**Data supplied:**
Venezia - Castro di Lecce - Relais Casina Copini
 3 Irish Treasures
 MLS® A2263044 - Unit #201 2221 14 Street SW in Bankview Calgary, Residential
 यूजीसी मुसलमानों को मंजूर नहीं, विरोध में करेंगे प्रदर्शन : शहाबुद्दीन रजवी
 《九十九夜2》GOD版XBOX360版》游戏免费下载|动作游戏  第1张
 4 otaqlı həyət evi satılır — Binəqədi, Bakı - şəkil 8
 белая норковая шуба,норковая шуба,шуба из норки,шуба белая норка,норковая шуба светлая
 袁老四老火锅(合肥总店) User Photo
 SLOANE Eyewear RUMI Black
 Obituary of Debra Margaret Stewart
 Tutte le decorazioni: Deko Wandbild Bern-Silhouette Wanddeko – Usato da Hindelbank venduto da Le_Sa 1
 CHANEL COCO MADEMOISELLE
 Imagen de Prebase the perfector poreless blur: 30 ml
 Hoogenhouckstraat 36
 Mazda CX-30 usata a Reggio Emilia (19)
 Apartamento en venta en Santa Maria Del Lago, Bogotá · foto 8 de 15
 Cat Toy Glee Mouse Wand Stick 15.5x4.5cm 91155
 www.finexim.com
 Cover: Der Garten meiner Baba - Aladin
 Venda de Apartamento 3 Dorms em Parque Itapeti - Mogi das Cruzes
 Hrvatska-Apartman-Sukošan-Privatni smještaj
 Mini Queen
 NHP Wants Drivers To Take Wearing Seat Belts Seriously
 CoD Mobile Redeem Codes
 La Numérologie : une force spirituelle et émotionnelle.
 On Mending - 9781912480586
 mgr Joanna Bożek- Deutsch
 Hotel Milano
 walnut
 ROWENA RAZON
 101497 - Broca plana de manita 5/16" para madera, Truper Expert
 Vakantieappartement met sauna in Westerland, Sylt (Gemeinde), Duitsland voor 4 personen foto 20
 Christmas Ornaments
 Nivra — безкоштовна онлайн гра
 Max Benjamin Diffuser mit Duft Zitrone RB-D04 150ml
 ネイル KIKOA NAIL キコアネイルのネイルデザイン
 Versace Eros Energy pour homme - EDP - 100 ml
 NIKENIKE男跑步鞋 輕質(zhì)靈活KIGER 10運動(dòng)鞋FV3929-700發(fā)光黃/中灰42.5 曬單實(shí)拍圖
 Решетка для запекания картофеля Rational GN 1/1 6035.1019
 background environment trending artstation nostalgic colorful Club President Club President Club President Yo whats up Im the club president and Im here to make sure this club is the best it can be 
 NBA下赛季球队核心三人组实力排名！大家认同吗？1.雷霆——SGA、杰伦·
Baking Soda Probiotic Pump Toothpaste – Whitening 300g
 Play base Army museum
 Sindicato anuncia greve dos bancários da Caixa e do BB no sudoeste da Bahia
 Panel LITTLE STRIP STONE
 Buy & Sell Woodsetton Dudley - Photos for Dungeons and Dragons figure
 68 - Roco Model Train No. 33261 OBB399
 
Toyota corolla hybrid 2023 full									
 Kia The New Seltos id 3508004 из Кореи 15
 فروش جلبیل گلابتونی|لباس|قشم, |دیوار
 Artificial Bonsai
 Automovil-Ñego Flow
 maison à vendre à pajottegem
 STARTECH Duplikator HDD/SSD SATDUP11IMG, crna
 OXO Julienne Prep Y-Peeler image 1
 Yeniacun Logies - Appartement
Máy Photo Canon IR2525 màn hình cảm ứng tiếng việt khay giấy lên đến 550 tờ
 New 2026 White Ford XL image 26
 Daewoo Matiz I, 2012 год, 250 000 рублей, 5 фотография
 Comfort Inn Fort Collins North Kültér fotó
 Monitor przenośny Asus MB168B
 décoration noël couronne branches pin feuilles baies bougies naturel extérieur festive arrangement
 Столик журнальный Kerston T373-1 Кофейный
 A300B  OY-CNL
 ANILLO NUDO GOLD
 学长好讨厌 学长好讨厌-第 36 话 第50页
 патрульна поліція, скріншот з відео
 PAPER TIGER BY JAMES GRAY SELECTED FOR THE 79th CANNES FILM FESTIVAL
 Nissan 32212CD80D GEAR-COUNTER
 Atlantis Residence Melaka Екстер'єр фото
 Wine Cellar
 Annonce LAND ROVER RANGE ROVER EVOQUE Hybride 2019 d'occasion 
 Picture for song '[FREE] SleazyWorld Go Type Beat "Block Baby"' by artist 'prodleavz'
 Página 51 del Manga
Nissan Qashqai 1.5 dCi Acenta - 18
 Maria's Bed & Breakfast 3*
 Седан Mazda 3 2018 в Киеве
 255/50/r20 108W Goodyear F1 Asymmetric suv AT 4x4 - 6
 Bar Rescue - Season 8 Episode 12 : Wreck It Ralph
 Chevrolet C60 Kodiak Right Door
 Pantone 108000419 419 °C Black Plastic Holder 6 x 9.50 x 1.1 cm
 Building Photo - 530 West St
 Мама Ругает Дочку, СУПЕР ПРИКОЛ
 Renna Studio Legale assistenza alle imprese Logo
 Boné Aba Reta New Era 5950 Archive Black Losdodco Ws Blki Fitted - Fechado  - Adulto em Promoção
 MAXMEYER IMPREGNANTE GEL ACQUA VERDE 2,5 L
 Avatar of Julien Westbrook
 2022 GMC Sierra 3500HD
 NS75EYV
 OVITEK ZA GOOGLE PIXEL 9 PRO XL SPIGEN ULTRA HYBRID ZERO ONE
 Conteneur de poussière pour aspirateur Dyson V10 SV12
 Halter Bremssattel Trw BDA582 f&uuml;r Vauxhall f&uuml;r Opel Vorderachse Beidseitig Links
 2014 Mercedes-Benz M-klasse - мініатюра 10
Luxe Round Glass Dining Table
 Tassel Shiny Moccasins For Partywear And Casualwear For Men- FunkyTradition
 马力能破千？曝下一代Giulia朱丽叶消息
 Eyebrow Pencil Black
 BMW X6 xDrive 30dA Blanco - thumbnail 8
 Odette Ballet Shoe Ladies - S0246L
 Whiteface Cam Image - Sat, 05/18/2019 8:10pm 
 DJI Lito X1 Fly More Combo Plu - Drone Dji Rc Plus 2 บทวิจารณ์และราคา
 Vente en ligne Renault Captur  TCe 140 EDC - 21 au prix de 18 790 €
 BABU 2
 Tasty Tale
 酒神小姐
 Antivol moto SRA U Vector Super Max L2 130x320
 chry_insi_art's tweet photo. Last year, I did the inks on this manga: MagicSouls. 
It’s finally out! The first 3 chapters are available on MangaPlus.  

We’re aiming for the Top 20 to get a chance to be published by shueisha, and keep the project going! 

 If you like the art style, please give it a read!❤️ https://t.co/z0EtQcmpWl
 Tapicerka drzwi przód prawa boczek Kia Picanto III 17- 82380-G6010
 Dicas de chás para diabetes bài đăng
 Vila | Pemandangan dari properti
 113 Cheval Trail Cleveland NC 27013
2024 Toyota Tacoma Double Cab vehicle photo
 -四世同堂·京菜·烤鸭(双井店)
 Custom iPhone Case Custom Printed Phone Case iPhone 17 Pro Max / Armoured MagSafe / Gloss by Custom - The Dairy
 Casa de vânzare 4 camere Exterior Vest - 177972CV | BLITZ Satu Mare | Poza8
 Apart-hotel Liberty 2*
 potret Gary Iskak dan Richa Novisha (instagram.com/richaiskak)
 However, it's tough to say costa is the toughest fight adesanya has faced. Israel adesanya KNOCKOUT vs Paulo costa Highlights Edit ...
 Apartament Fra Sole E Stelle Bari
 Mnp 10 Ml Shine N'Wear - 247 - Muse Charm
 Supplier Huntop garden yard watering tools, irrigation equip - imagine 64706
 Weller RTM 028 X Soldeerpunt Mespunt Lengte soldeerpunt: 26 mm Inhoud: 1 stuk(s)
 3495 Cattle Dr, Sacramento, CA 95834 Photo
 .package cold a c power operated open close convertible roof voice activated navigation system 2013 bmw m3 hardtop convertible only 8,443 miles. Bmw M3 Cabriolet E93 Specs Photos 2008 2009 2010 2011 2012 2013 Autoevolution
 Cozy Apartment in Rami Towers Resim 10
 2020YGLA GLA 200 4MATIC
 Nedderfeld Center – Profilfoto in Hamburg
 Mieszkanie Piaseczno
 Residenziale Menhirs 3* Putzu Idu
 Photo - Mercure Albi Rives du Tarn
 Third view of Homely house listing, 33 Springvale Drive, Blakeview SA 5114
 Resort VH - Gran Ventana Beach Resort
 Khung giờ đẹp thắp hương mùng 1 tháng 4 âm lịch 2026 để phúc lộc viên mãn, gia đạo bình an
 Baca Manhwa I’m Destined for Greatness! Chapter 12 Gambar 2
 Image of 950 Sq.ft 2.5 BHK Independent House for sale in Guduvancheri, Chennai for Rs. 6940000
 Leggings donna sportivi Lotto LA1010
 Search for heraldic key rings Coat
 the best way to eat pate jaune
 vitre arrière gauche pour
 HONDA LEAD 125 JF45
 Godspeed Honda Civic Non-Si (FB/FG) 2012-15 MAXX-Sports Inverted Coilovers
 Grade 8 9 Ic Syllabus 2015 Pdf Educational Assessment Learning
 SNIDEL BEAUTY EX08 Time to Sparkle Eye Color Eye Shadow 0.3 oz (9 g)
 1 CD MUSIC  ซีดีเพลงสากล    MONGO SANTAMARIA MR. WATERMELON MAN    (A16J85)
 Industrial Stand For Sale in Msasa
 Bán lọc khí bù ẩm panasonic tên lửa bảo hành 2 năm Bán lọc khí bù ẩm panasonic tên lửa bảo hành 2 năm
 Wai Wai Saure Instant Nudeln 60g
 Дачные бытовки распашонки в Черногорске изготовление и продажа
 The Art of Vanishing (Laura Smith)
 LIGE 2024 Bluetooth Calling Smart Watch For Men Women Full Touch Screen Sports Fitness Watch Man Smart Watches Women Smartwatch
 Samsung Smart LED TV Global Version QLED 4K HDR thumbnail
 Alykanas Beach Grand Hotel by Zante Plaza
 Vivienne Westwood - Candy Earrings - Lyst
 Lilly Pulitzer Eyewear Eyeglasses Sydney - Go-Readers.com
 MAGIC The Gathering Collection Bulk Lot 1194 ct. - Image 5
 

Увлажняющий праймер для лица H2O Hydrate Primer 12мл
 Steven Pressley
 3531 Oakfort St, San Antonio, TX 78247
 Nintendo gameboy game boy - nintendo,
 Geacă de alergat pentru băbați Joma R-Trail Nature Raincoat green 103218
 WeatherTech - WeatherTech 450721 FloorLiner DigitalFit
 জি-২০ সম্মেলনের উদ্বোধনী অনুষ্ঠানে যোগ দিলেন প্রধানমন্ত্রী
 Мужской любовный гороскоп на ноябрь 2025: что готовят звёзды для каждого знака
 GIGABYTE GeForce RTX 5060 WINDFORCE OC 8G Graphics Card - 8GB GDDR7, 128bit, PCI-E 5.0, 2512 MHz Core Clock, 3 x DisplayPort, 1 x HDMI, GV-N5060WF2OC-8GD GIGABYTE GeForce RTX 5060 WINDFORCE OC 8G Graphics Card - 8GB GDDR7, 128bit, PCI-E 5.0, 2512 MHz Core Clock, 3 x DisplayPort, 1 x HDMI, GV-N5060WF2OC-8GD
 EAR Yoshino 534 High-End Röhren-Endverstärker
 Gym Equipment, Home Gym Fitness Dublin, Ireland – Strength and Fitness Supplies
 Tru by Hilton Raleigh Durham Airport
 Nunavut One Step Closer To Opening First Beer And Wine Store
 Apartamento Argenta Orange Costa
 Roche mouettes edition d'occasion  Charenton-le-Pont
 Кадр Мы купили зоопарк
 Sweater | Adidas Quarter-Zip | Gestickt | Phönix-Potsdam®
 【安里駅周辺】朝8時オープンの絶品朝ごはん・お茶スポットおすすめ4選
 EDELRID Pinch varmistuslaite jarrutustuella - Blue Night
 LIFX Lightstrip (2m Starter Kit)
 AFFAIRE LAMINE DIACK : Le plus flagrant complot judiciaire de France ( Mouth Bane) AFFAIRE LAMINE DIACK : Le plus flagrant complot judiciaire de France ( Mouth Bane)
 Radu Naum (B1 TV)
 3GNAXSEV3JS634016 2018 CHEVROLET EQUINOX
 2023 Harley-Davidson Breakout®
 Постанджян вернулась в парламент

**Requirement:**
Your task is to copy every line of the entries that contains the string "pour".

**Answer section:**
 Versace Eros Energy pour homme - EDP - 100 ml
 Conteneur de poussière pour aspirateur Dyson V10 SV12
 vitre arrière gauche pour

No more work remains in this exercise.